Scott Taylor, University of Birmingham
What do you want from your employer at Easter? A chocolate egg? A big slice of Simnel cake? Some time off? An invitation to attend a Christian church service? Or nothing at all, because you don’t find Easter meaningful and would rather your workplace was entirely secular?
Managerial responses to the cultural complexity of religious diversity range from following highly structured legal guidance to informal acceptance of contemporary pluralism by working around staff beliefs. There are legal frameworks in most countries to either protect or exclude religious belief from workplaces. But how these are worked out in practice creates considerable controversy. And when we consider religious belief alongside sexual orientation or ethnicity, then we’re almost certain of dispute.
So what happens if you are required to follow a specific belief system at work? If you’re an Anglican priest, then it shouldn’t cause you a problem to believe in God as part of the employment relationship. Is it reasonable, though, for legally secular companies to impose religious beliefs on workers? And what if managers or owners in an organisation expect you to refuse to provide services to certain people because, from a specific religious perspective, their sexualities are somehow wrong?
The Protestant work ethic
Removing religion from the workplace is extremely difficult, if not impossible. Classical sociologist Max Weber wasn’t the first to note the considerable influence religious belief can have on work and workplaces in the early 1900s. He did open up a lively debate, though, that continues more than a hundred years later.

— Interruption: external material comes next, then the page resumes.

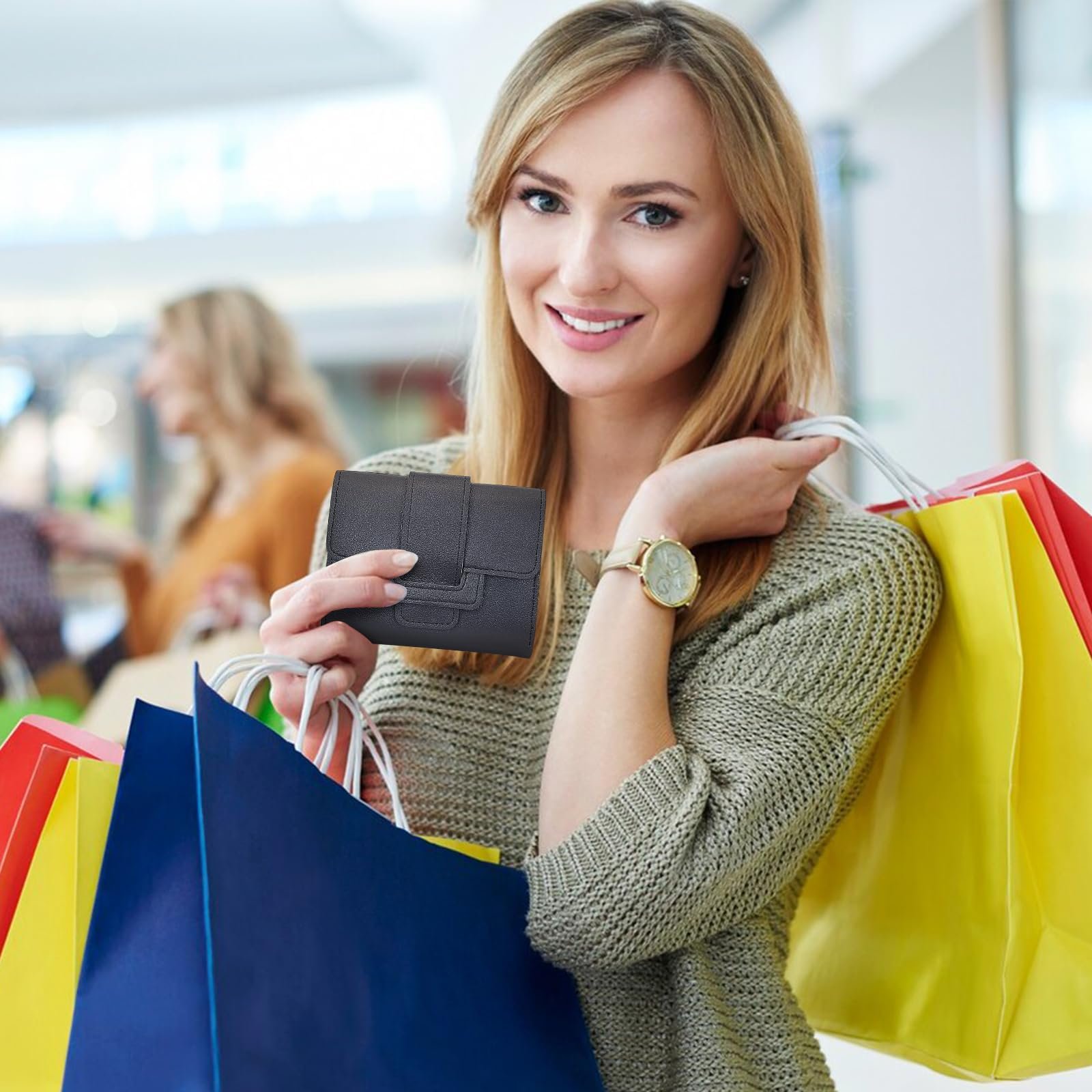 Кошелек MultiValue женский, однотонный, кожаный, компактный, маленький с застежкой, розовый, F, фото №7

Weber’s thesis was superficially simple – that Protestantism strongly influenced the development of capitalism in Western Europe and North America. Weber argued that this was especially clear in the Calvinist doctrine of doing work to the glory of God, combined with exhortations to live frugally. The combination of rational hard work and retention of wages or profits resulted in earnings that could be invested in more productive enterprises – hence capitalism based on growth.
Through Weber’s seminal work, religion explains the most significant economic change of modernity, in a way that is intuitively appealing. It can be used to explain the enduring puzzle of why some people work harder than others, how some people accumulate more wealth, and why different parts of the world developed economically at different moments.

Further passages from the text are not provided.